First-principles calculations to investigate structural, electronic, and optical properties of zinc-blende CdxMg(1-x)TeyS(1-y) matched to CdX (X= S, Te) for Predicting critical thickness and corrective Term's effect

We report in the present paper ab initio calculations of the structural, electronic and optical properties of zinc blende quaternary alloys CdxMg(1-x)TeyS(1-y) lattice matched to CdX (X = S, Te) exploring the density functional method within the generalized gradient approximation (GGA). From the obtained values of the ground state energy, we have determined the structural parameters and the band gap energies. We found an underestimation of the gap energies obtained for both (GGA-PBE) and the Modified Becke-Johnson exchange potential (TB-mbJ) approximations for the CdS, CdTe, MgS, and MgTe.
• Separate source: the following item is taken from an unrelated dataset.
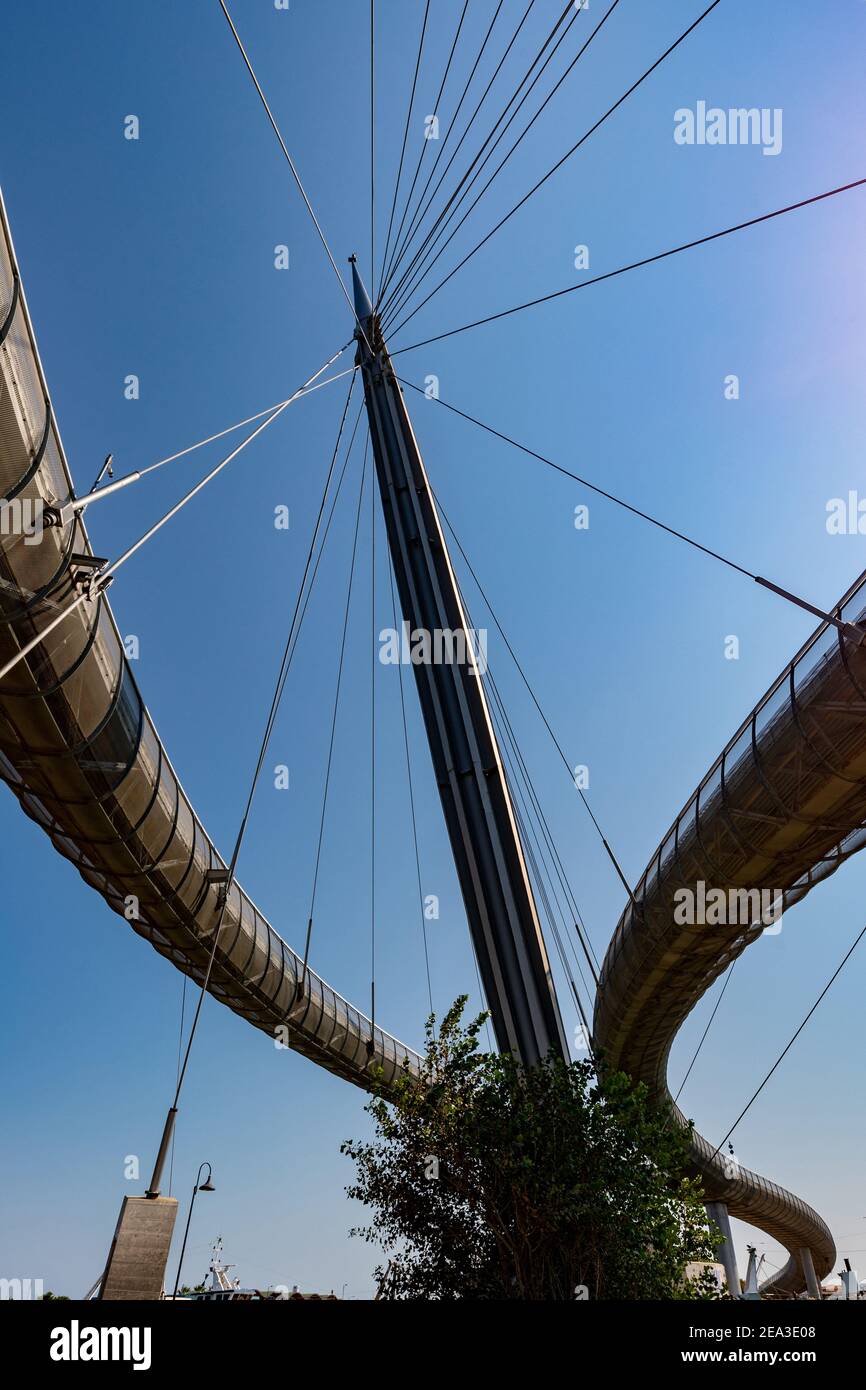 Ponte del Mare, Pescara, Italie Banque D'Images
Even though mbJ significantly corrects the energy gaps, it is no longer valid to properly reproduce the exchange-correlation potential. Consequently, we tend to use the corrective term Delta E to exploit it to enhance the electronic band structures. Moreover, we have reported the concentration depending on the refractive index and the dielectric function using (mbJ). The critical thickness, for which the lattice of the CdxMg(1-x)TeyS(1-y) matches CdS and CdTe, respectively, are determined. The results show that for all Cd and Te incorporated amounts, the CdxMg(1-x)TeyS(1y) lattice matched to CdX (X = S, Te) substrate alloys exhibits a semiconducting behavior with a small lattice mismatching ratio which might make CdxMg(1-x)TeyS(1-y)/CdX materials promising and useful for optoelectronic applications.

Automated summary

In this paper, we performed ab initio calculations to study the structural, electronic, and optical properties of zinc blende quaternary alloys CdxMg(1-x)TeyS(1-y) lattice matched to CdX (X = S, Te). The ground state energy values were used to determine the structural parameters and band gap energies. We found that both the GGA-PBE and TB-mbJ approximations underestimated the gap energies for CdS, CdTe, MgS, and MgTe. The corrective term Delta E was used to improve the electronic band structures. The results also showed that CdxMg(1-x)TeyS(1-y)/CdX materials exhibited a semiconducting behavior with a small lattice mismatching ratio, making them promising for optoelectronic applications.